(Exercise materials)

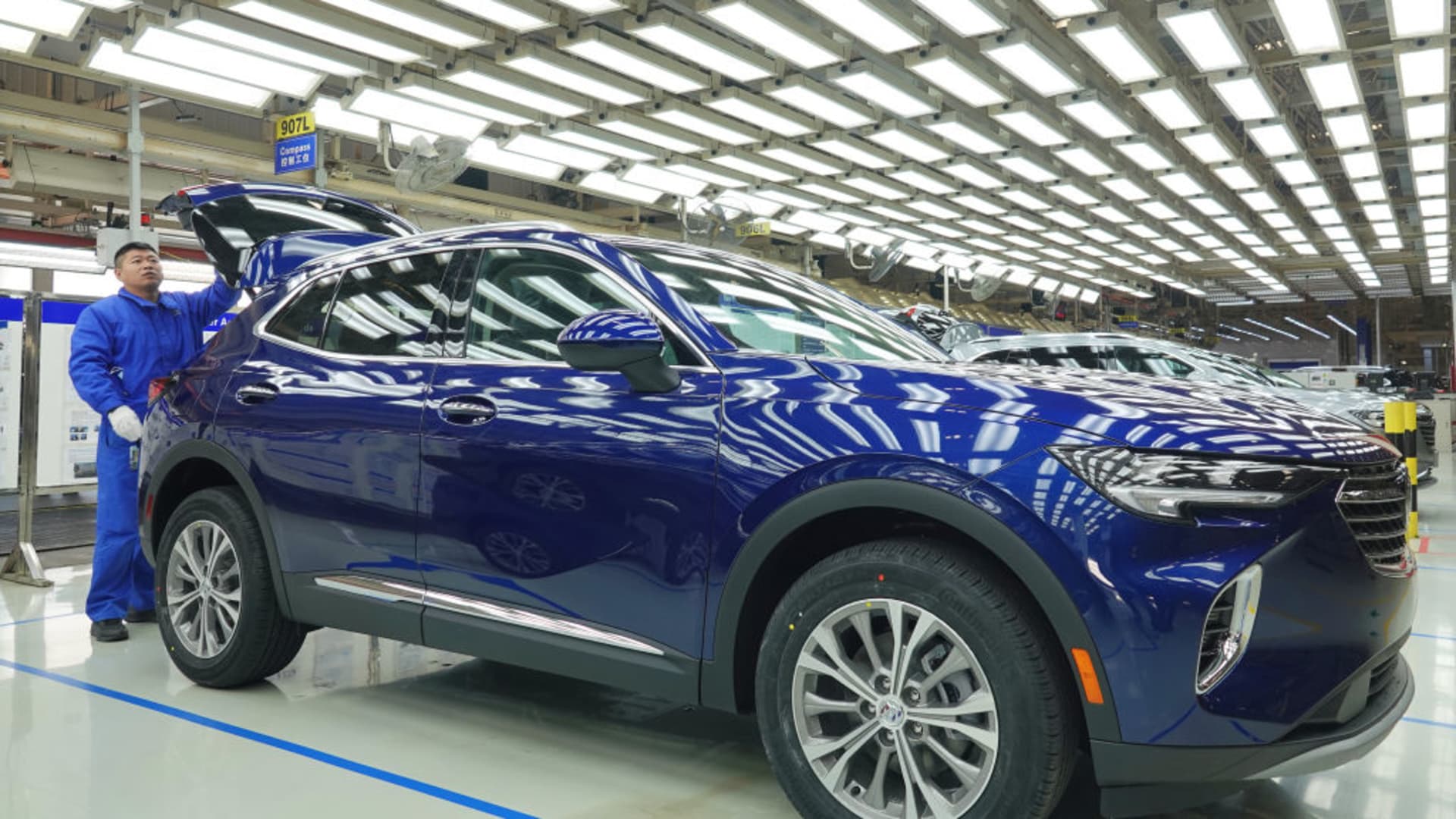 Employees work on Buick Envision SUVs at General Motors' Dong Yue assembly plant, officially known as SAIC-GM Dong Yue Motors Co., Ltd., on Nov. 17, 2022, in Yantai, Shandong Province of China.
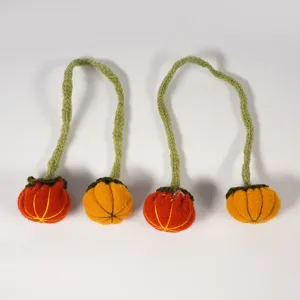 Handmade felt pumpkin napkin rings and Halloween decor details, soft fabric and green stems.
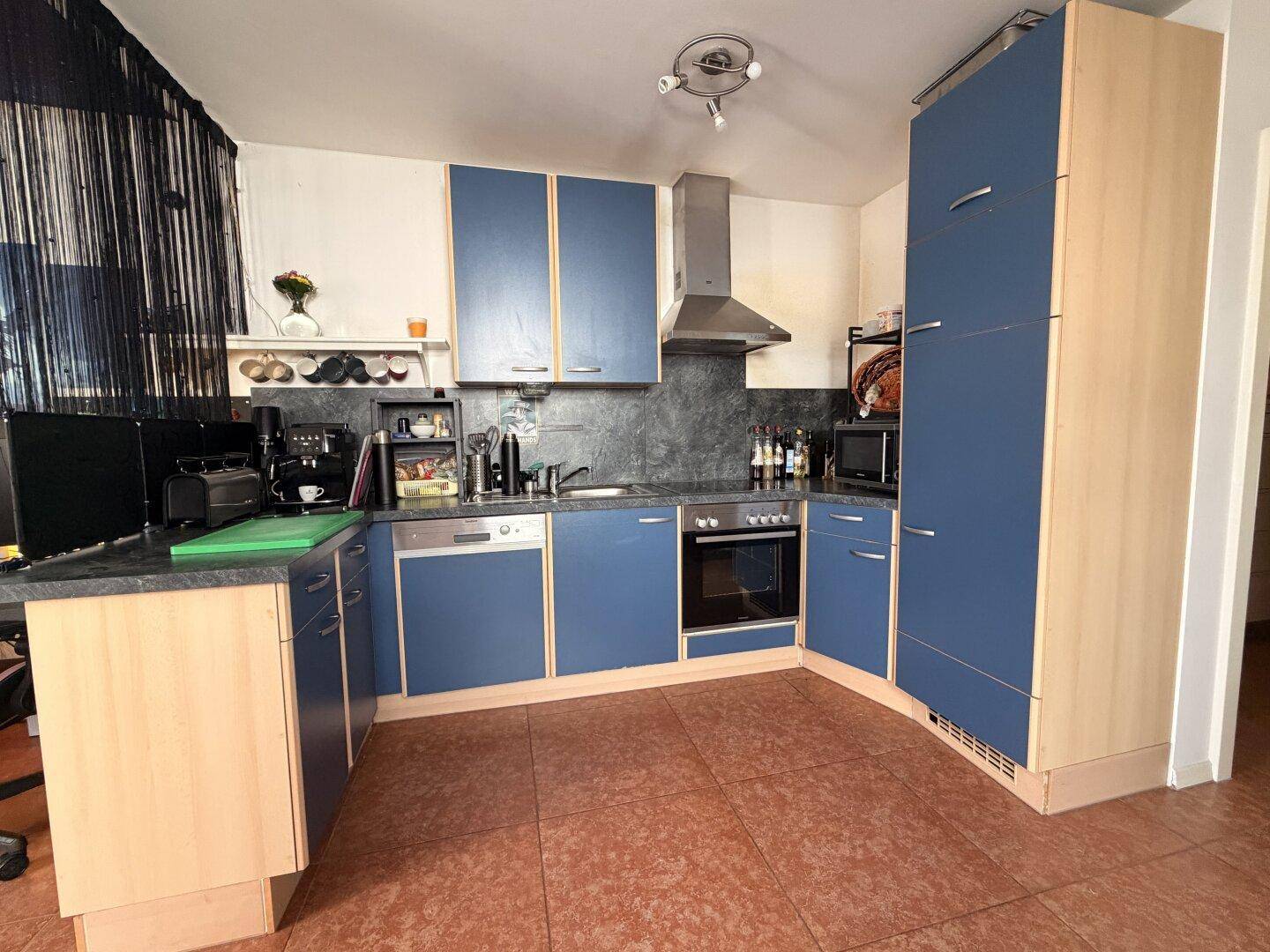 Funktionale Küche mit blauen Schränken, Holzdetails und integrierten Elektrogeräten.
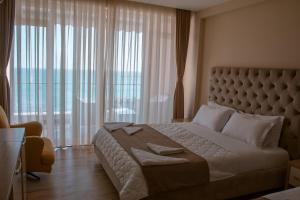 Un pat sau paturi într-o cameră la Hotel Frojd - Beach Front Resort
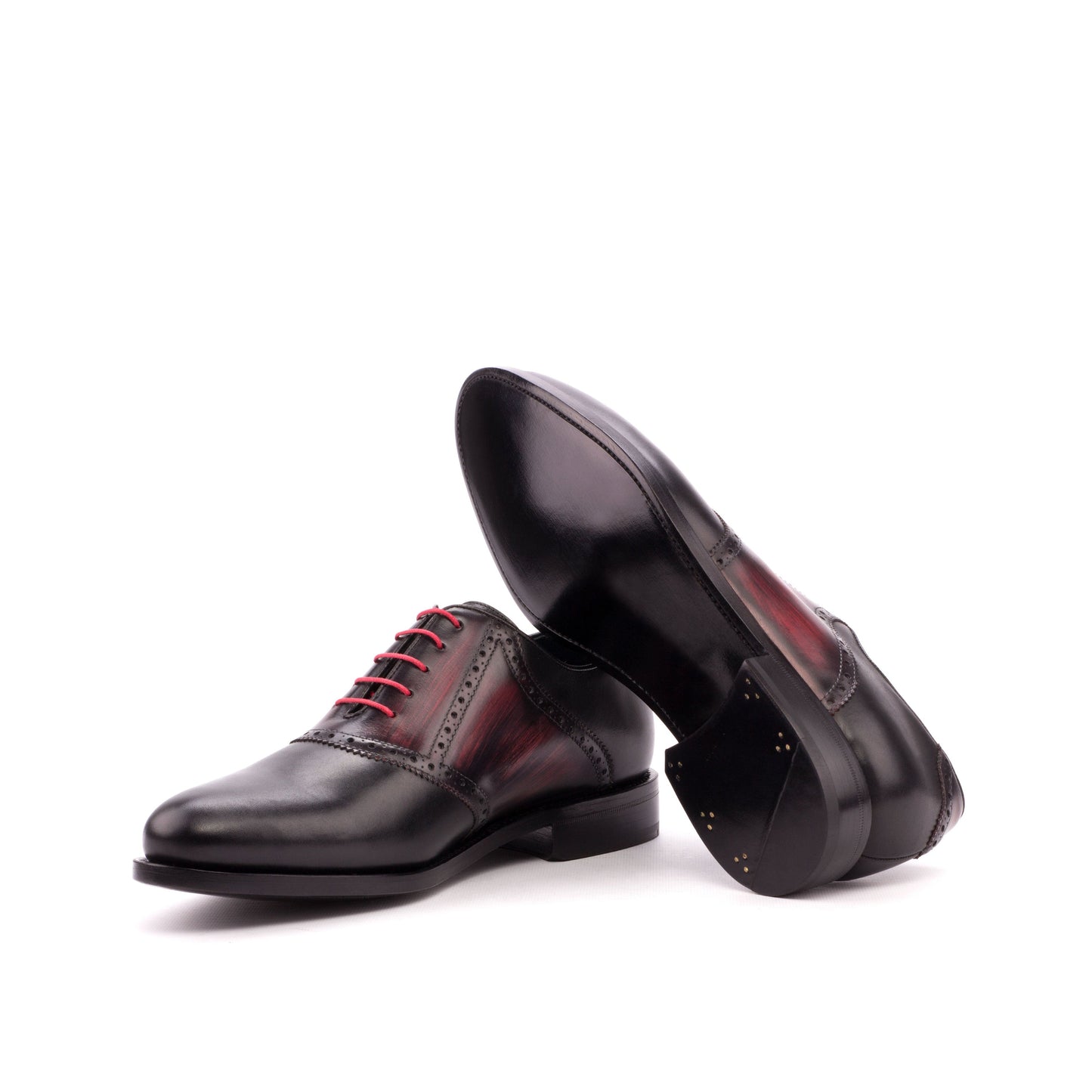 Saddle Shoe in Black Box Calf and Burgundy Patina Box Calf showing dark red leather sole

(End Exercise materials)

What this task involves. Could you print the data exactly as it appears and keep the pictures out?

Written solution.
 Employees work on Buick Envision SUVs at General Motors' Dong Yue assembly plant, officially known as SAIC-GM Dong Yue Motors Co., Ltd., on Nov. 17, 2022, in Yantai, Shandong Province of China.
 Handmade felt pumpkin napkin rings and Halloween decor details, soft fabric and green stems.
 Funktionale Küche mit blauen Schränken, Holzdetails und integrierten Elektrogeräten.
 Un pat sau paturi într-o cameră la Hotel Frojd - Beach Front Resort
 Saddle Shoe in Black Box Calf and Burgundy Patina Box Calf showing dark red leather sole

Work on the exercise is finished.